* Your task
Transcribe the records exactly. Pictures do not belong in the transcription.
_ _ _ _
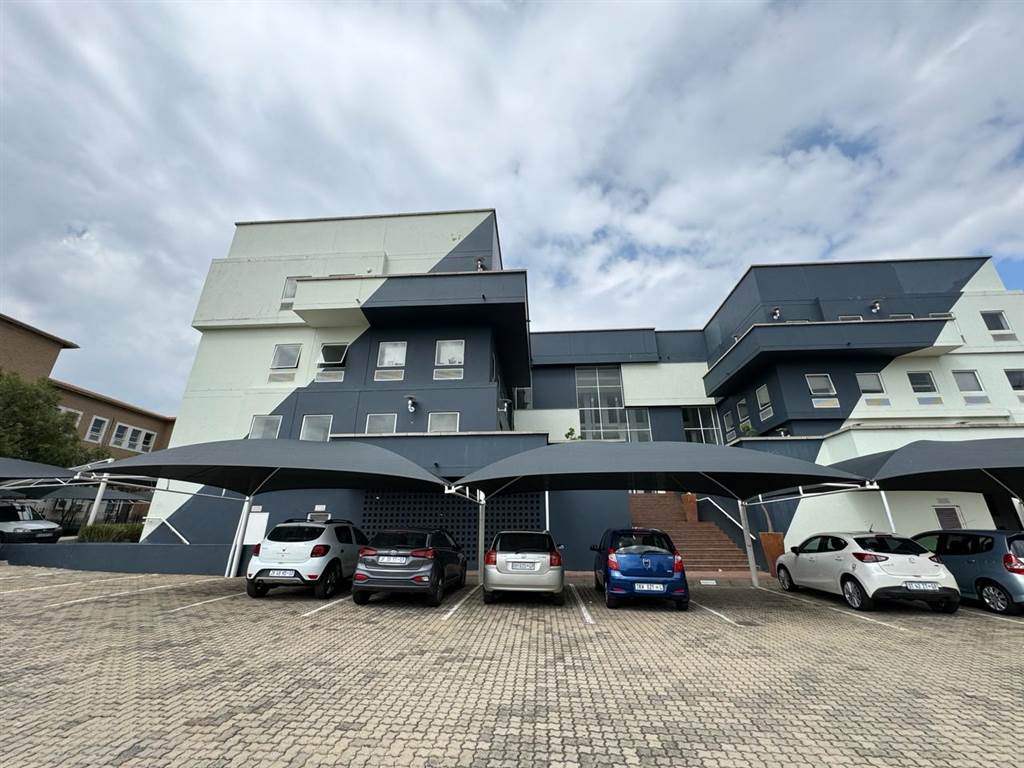 56  m² Commercial space in Sunninghill photo number 2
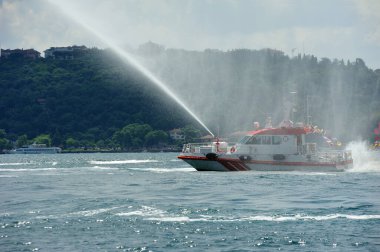 Her yıl 4 Temmuz 'da İstanbul' da düzenlenen Cabotage Festivali 'nde tekneler gösteriliyor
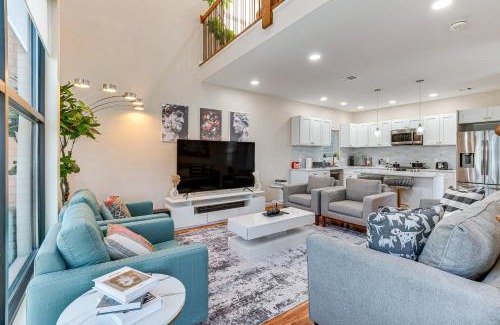 Newark Casa | Luxe Newark Retreat with Rooftop Deck Pets Welcome!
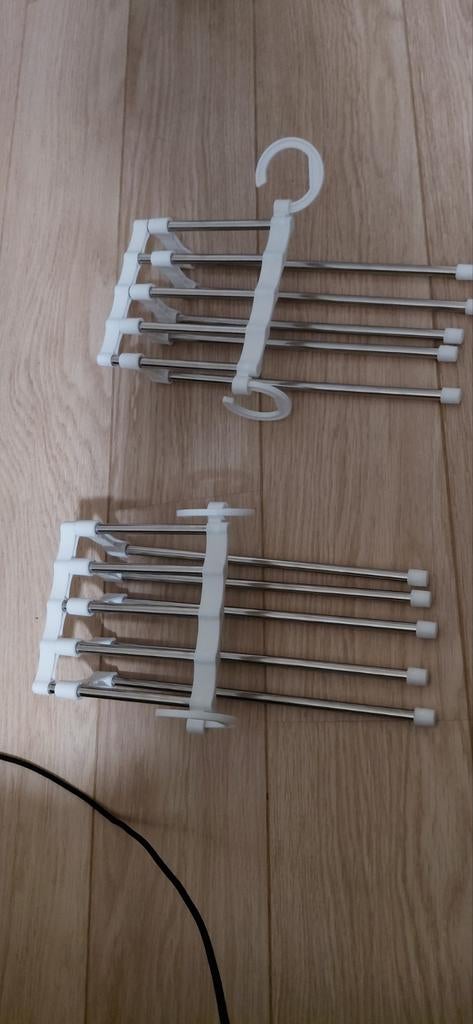 Kledinghangers voor broeken / nieuw, Enlèvement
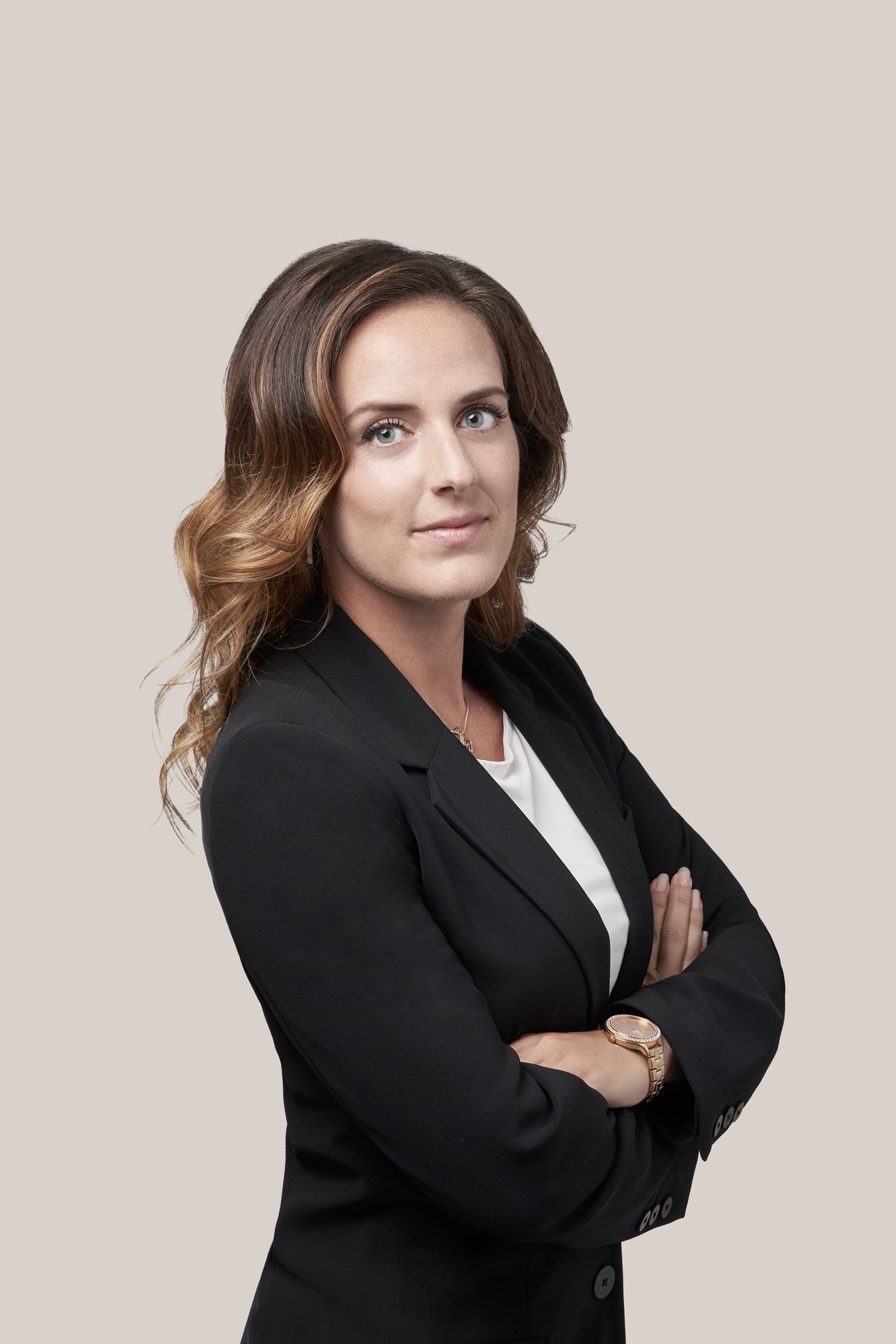 Isabelle Duclos, Associate
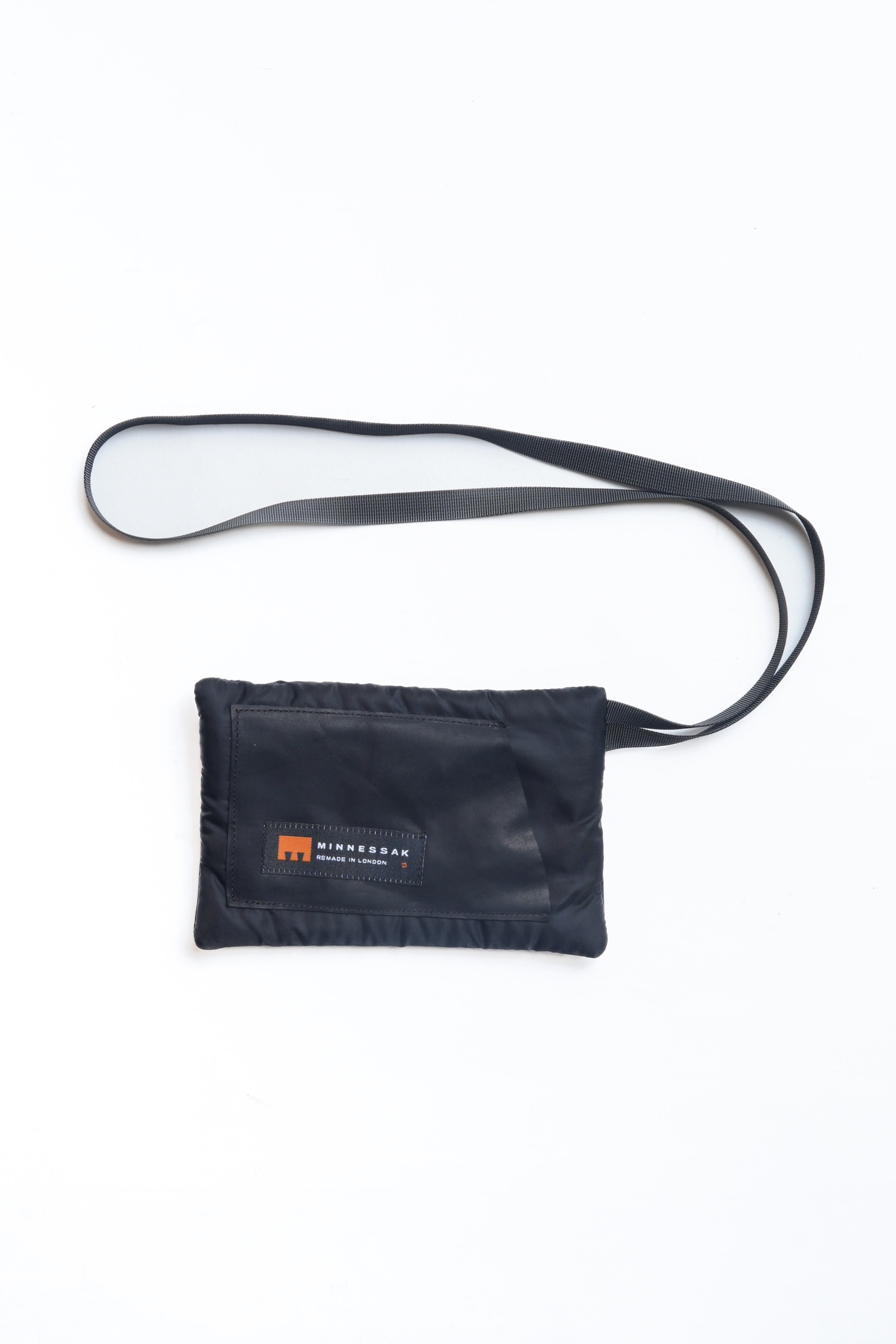 NECK TIE C - FLAT CORD - BLACK/BLACK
_ _ _ _
* Expected answer
 56  m² Commercial space in Sunninghill photo number 2
 Her yıl 4 Temmuz 'da İstanbul' da düzenlenen Cabotage Festivali 'nde tekneler gösteriliyor
 Newark Casa | Luxe Newark Retreat with Rooftop Deck Pets Welcome!
 Kledinghangers voor broeken / nieuw, Enlèvement
 Isabelle Duclos, Associate
 NECK TIE C - FLAT CORD - BLACK/BLACK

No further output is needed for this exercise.